Can also add a small amount of dry fertilizer's (aquarium fertilizer.com Macro/Micro package) each week or every two week's if no plan's for CO2 injection (CO2 would require more frequent dosing of fertz).
I would absolutely purchase as many plant's as I could afford.Preferably,some fast growing plant's along with some slower grower's if desired.Planting the tank heavily from the outset,,will help keep algae at bay.With large plant mass that is growing,thriving,,algae will have tougher time. I(f planted heavily enough,,could also add a few fish slowly) over a few week's,as plant's will happily consume ammonia produced by a few small fish and use it for growth.Ditto for nitrAtes.
I would use no more than two of the 54 watt T5's at the beginning,and place the light's on timer to receive no more than eight hour's of light during first few week's.This will also help keep algae to minimum.(can slowly increase duration after a few week's).
Would not be as concerned with bio-media as I would mechanical.

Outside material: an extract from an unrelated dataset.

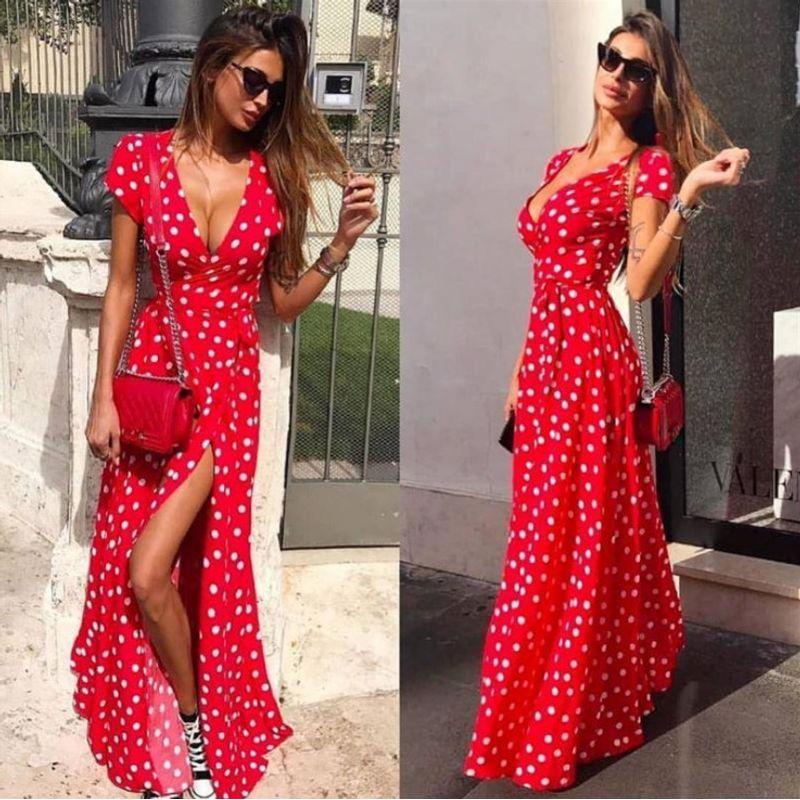 

2023 Polka Dot Short Sleeve Dress Big Size 5XL Polka Dot Dress White XL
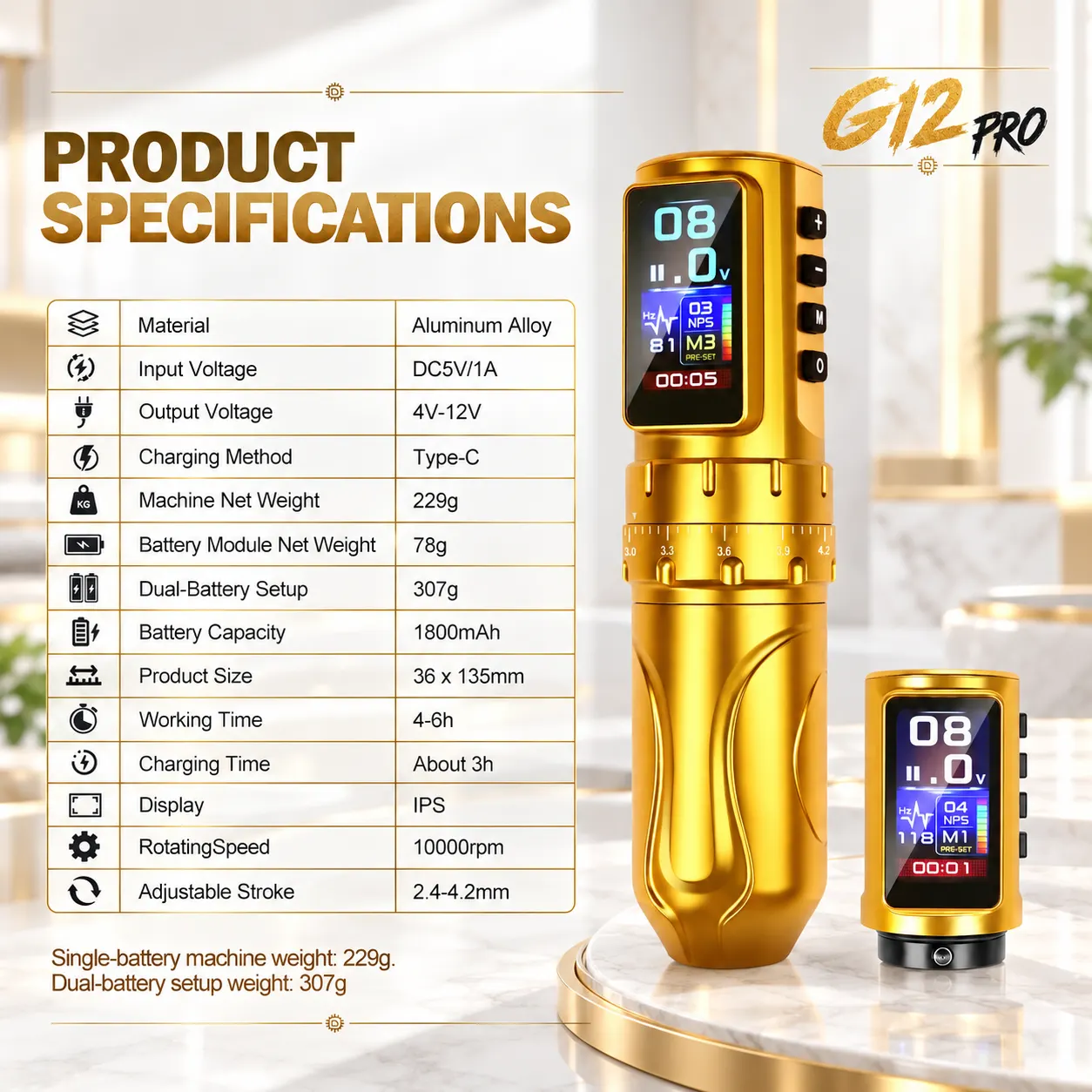پن بی‌سیم تاتو G12PRO با کورس قابل‌تنظیم — تصویر 2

Plant's are excellent biological filter's .
If tank is more of natural planted affair,or low tech as some call it,,then flow from the return to the tank would not need to be more than 4 or 5 times the volume of tank each hour.If CO2 injection is planned,,then flow may need to be increased to help disperse the Gas throughout the tank more evenly,thouroghly.
Hope some of this help's.
Cannot stress importance (To me), of planting heavily from the start.